Depuis le balcon, je contemple la partie nord-est de la cité dont je suis issu. Demain, il y aura quatre-vingt-onze ans que papa est né dans une maison quelque part là haut au-dessus du bourg, à Civitavecchia, où déjà quelques lumières se confondent avec les étoiles de ce ciel limpidement bleu. « Arpino ! Depuis le temps que je voulais venir. Aujourd'hui, me voilà ! »

 

Jacques-Edouard 4/11/2014

 

 

Pour info :

 

En fait, l'aventure a commencé par un courriel. Pas le genre de celui qui débute le film « Ne le dis à personne ». Là au contraire, je l'ai dite à tout le monde cette histoire d'échanges par messagerie électronique interposée.

Au mois de juin dernier, je suis obligé de m'envoyer en pièce jointe, un document de travail afin de pouvoir l'utiliser chez moi. Et là surprise ! Dans l'annuaire du ministère, il y a un autre Calmereale, une autre devrais-je écrire : Fanny Calmereale.

Illico, je lui envoie un message : « Serions-nous cousins ? » La réponse ne tarde pas : « Si votre père est né à Arpino en Italie, il y a de fortes chances que nous soyons parents ». À mon tour : « Chère cousine, mon père et mon grand-père sont nés à Arpino ». Suit un dernier message «Cher, cousin, c'est formidable.
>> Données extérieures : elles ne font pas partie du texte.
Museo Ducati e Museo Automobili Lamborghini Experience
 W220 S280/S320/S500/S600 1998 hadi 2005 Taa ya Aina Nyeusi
Depuis mon enfance, je vais à Arpino tous les étés pour les vacances. En pièce jointe, une photo de Civitavecchia. Et rendez-vous le 10 août à 10 heures sur la place d'Arpino» auquel je ne réponds pas, car... je reçois un coup au foie ! Quelle coïncidence ! 10 août. L'anniversaire de papa. Je transmets les messages et la photo à ma fratrie. Pour elle aussi, c'est un drôle de hasard.